Top of Entries shown

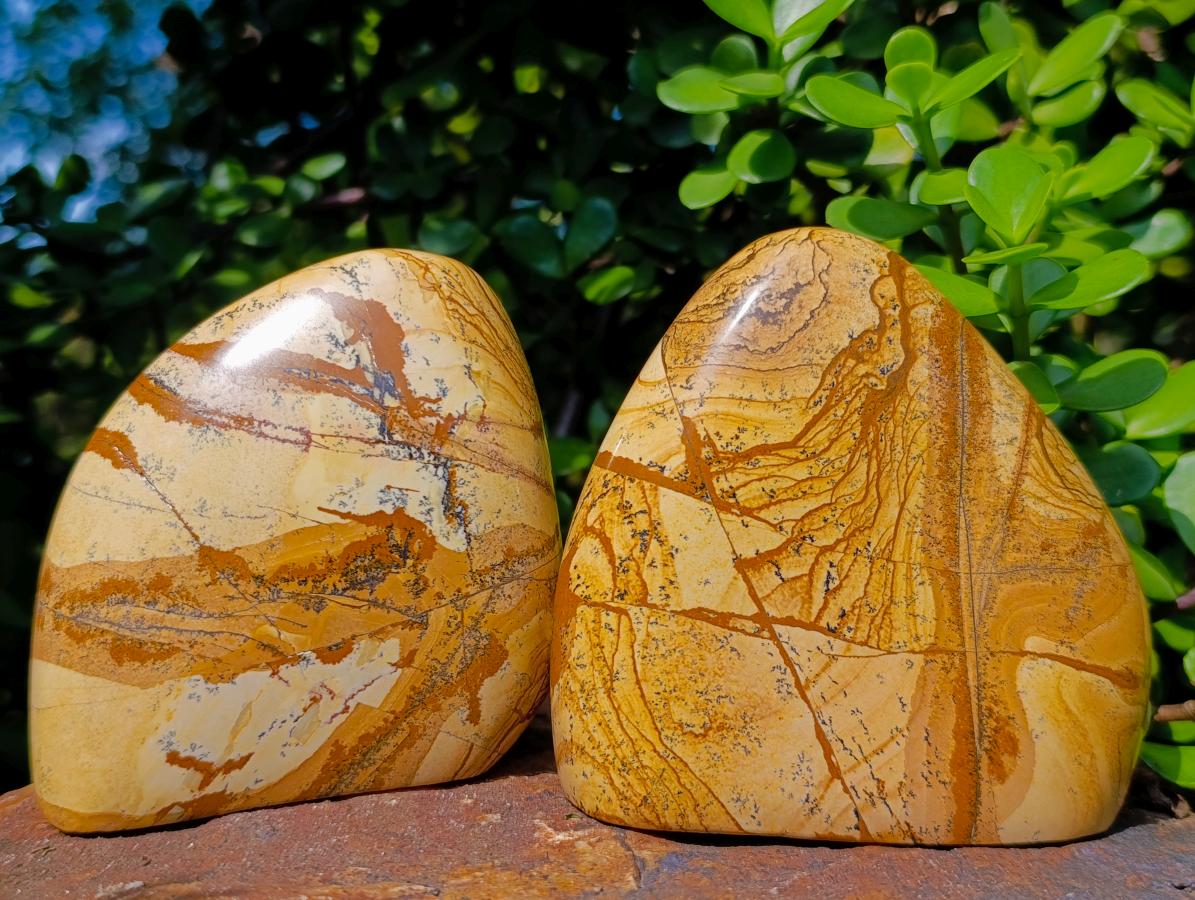 Polished Picture Stone Jasper Standing Display Pieces x 2 From Ais-Ais, Namibia - Toprock Gemstones and Minerals 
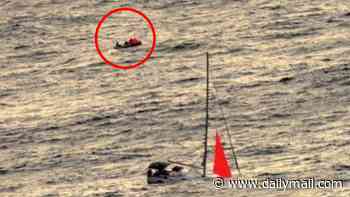Sailors on Aussie-flagged yacht stranded for hours at sea after frightening whale encounter
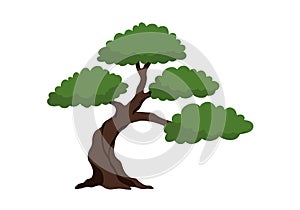 Bonsai tree clip art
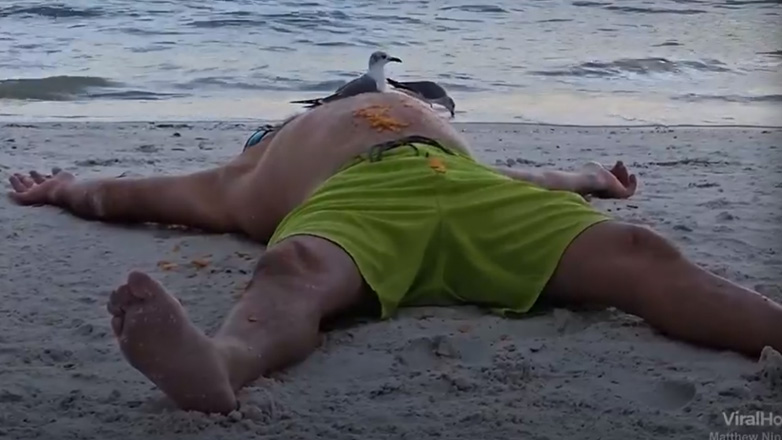 Αποτυχημένη επίθεση γλάρου σε σνακ!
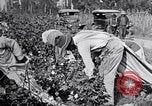 Image of Proctor United States USA, 1921, second 34 stock footage video 65675028388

Bottom of Entries shown

• [Work instructions]: Restate, word for word, each line from the line containing "Sailors on Aussie-flagged" through the end of the entries above; the pictures are not part of the copy.

• [Task answer]:
Sailors on Aussie-flagged yacht stranded for hours at sea after frightening whale encounter
 Bonsai tree clip art
 Αποτυχημένη επίθεση γλάρου σε σνακ!
 Image of Proctor United States USA, 1921, second 34 stock footage video 65675028388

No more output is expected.